Apsilon : Absolument. Je pense que presque chaque migrant a une certaine agitation intérieure. C’est pratiquement inévitable. Si les gens ne ressentent pas cela, ils se sont peut-être complètement assimilés. Mais ce n’est pas mon cas : je parle, lis et écris en turc. Je suis souvent en Turquie et j’ai aussi beaucoup d’amis turcs. Ce sont toutes des choses qui ont un impact social très fort sur moi – mais le fait d’être allemand aussi. J’ai eu une relation très changeante dans la vie. Culturellement, quelque chose d’autre crée mon identité. Cela inclut avant tout ma vie à Berlin-Moabit – la musique que vous consommez, mais aussi les expériences que vous partagez avec les autres ici. Mais maintenant j’ai atteint un point où je refuse d’être allemand. Cela va de pair avec l’histoire de Dilan, 17 ans, qui a été agressée racialement à Berlin-Prenzlauer Berg. Je ne veux plus avoir à me justifier d’être allemand ou turc, je critique les deux : je ne serais pas fier d’être allemand. Et je n’ai pas grandi en Turquie et je n’y ai jamais vécu. Je suis culturellement influencé par ce pays et j’ai un lien personnel. Mais les choses vont mal là-bas aussi.

Qu’est-ce que la maison signifie pour vous ?

Apsilon : Je n’ai pas de résidence principale ou secondaire. Les drapeaux nationaux ne déterminent pas mon identité. Le concept de chez-soi comporte trop de contradictions. Le plus proche, je dirais, c’est que les amis et la famille sont ma maison. Peut-être que la musique turque est aussi ma maison, tout comme le rap allemand. Mais je ne considérerais jamais la nation turque comme ma patrie, pas plus que l’Allemagne.

Sur la chanson « Taugennichts », vous parlez de justice sociale, de prospérité et de l’extrémisme de droite croissant en Allemagne. Vous dites à un moment donné : « Laissez les ennemis de droite sur la touche, malheureusement ils n’ont pas de crises de sens, juste pas de principes. » Comment voulez-vous dire cela ?

Apsilon : Cela signifie l’Allemagne et les individus. C’est un règlement de compte et mon majeur pour le besoin d’harmonie de l’Allemagne face aux nazis et aux populistes de droite. Il ne faut pas toujours accepter et comprendre tout le monde et tout. Les arguments rationnels rebondissent sur certaines personnes et essayer de les convaincre ne sert généralement à rien. Je ne veux rien avoir à faire avec des gens comme ça.
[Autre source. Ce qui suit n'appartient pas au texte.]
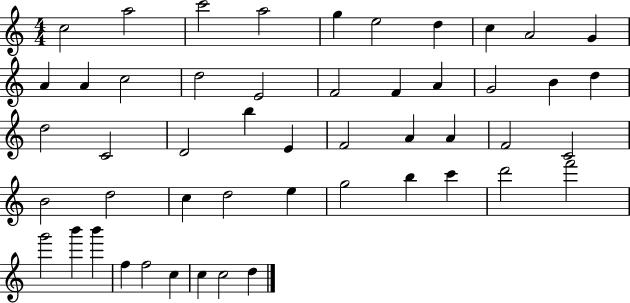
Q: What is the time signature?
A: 4/4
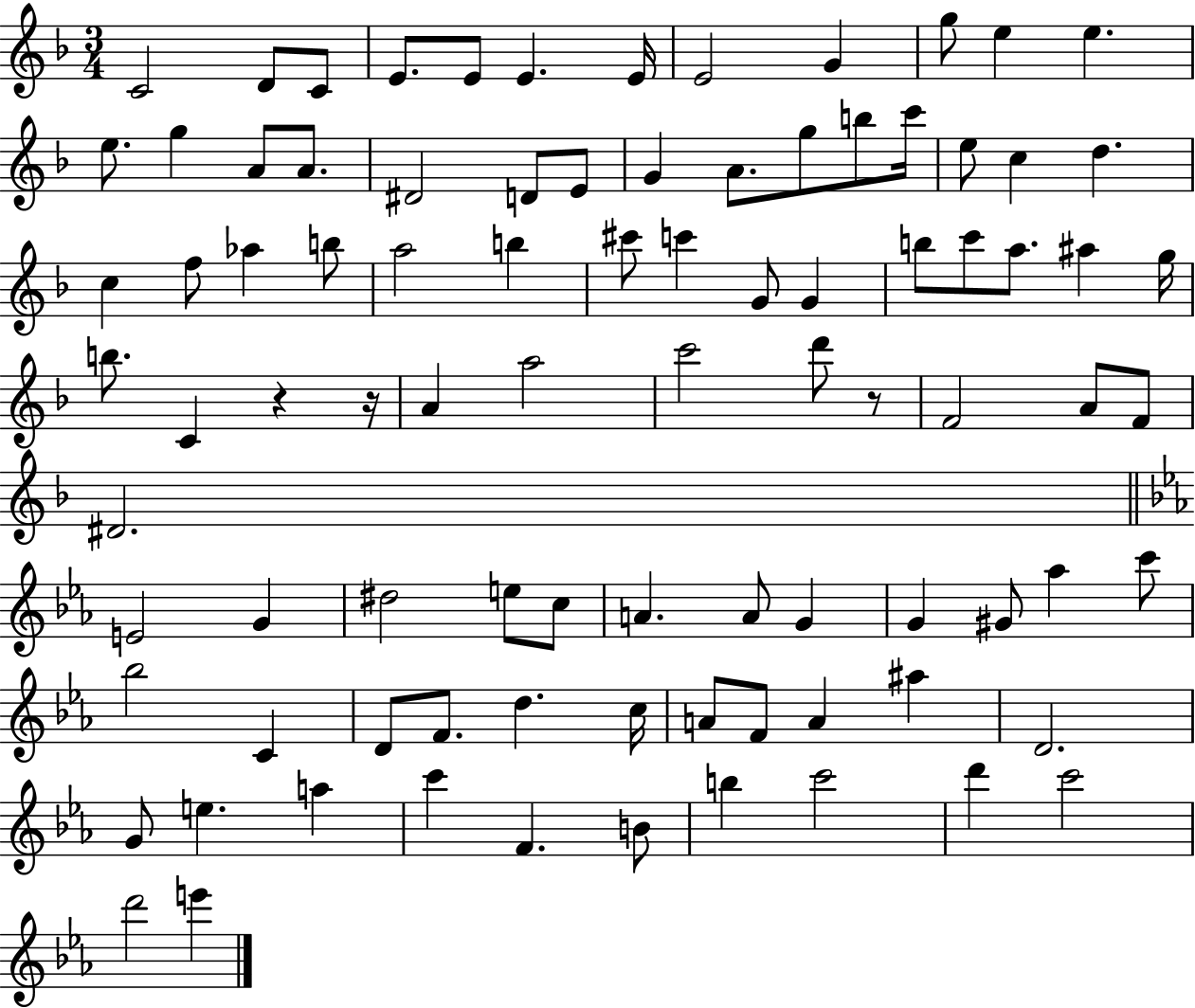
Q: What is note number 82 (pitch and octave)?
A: B5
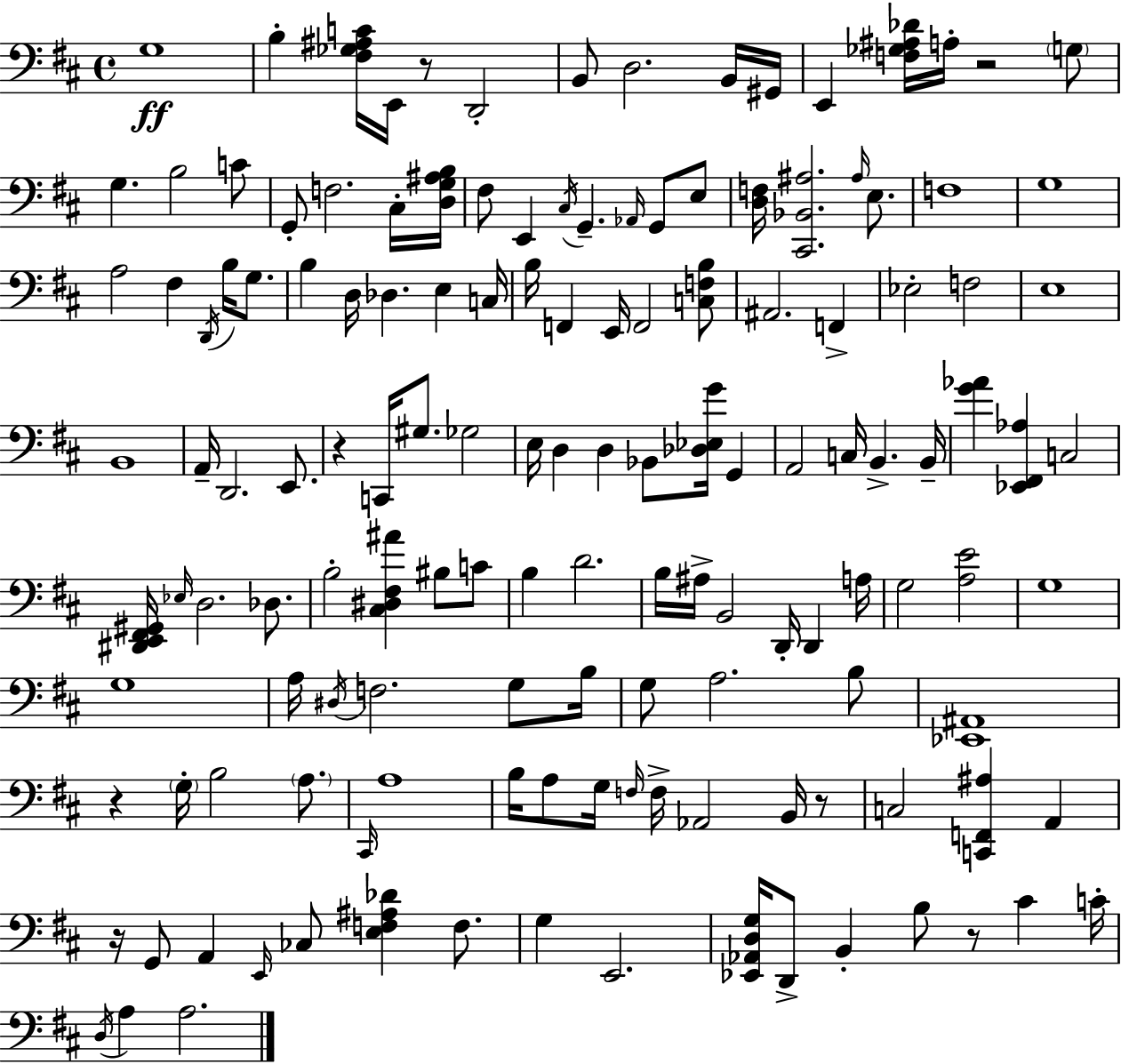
{
  \clef bass
  \time 4/4
  \defaultTimeSignature
  \key d \major
  \repeat volta 2 { g1\ff | b4-. <fis ges ais c'>16 e,16 r8 d,2-. | b,8 d2. b,16 gis,16 | e,4 <f ges ais des'>16 a16-. r2 \parenthesize g8 | \break g4. b2 c'8 | g,8-. f2. cis16-. <d g ais b>16 | fis8 e,4 \acciaccatura { cis16 } g,4.-- \grace { aes,16 } g,8 | e8 <d f>16 <cis, bes, ais>2. \grace { ais16 } | \break e8. f1 | g1 | a2 fis4 \acciaccatura { d,16 } | b16 g8. b4 d16 des4. e4 | \break c16 b16 f,4 e,16 f,2 | <c f b>8 ais,2. | f,4-> ees2-. f2 | e1 | \break b,1 | a,16-- d,2. | e,8. r4 c,16 gis8. ges2 | e16 d4 d4 bes,8 <des ees g'>16 | \break g,4 a,2 c16 b,4.-> | b,16-- <g' aes'>4 <ees, fis, aes>4 c2 | <dis, e, fis, gis,>16 \grace { ees16 } d2. | des8. b2-. <cis dis fis ais'>4 | \break bis8 c'8 b4 d'2. | b16 ais16-> b,2 d,16-. | d,4 a16 g2 <a e'>2 | g1 | \break g1 | a16 \acciaccatura { dis16 } f2. | g8 b16 g8 a2. | b8 <ees, ais,>1 | \break r4 \parenthesize g16-. b2 | \parenthesize a8. \grace { cis,16 } a1 | b16 a8 g16 \grace { f16 } f16-> aes,2 | b,16 r8 c2 | \break <c, f, ais>4 a,4 r16 g,8 a,4 \grace { e,16 } | ces8 <e f ais des'>4 f8. g4 e,2. | <ees, aes, d g>16 d,8-> b,4-. | b8 r8 cis'4 c'16-. \acciaccatura { d16 } a4 a2. | \break } \bar "|."
}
« Nous avons besoin de plus de voix qui dénoncent les problèmes de société dans le hip-hop »

Dans le titre « Sport », vous évoquez des altercations physiques entre votre cercle d’amis et des extrémistes de droite. Cela a-t-il vraiment existé ?

Apsilon : Oui. La chanson parle de mon peuple et de votre peuple, c’est-à-dire de la juxtaposition. Cela s’entend également dans un sens plus large. Il s’agit de personnes de mon entourage proche, mais aussi de personnes avec qui je me vois dans un mouvement ou un groupe, ou avec qui j’aimerais me voir. Mais il y a aussi des gens dans mon cercle d’amis qui ont déjà eu des disputes. Quand vous êtes dans les cercles de gauche, il y a toujours des droitiers à affronter.

Le hip hop est le porte-parole des groupes marginalisés depuis sa création, mais aujourd’hui, il s’agit davantage de consommation, de placement de marque et, enfin, de flexing. Pensez-vous que l’idée originale du hip-hop est tombée à l’eau?

Apsilon : Je ne veux pas m’éloigner du rap allemand, mais finalement je pense que le fétichisme des marques et le style de vie ne sont que des produits de l’ère néolibérale dans laquelle nous vivons. Mais oui, nous avons besoin de plus de voix dans le hip hop qui dénoncent, critiquent, capturent la frustration et expriment la colère face aux problèmes de la société. Les émotions associées doivent être reproduites de manière authentique et j’espère juste que je le ferai ou que je pourrai le faire. Mais j’écoute aussi de la musique sans rapport avec le contenu. Parfois, il suffit de frapper. (des rires)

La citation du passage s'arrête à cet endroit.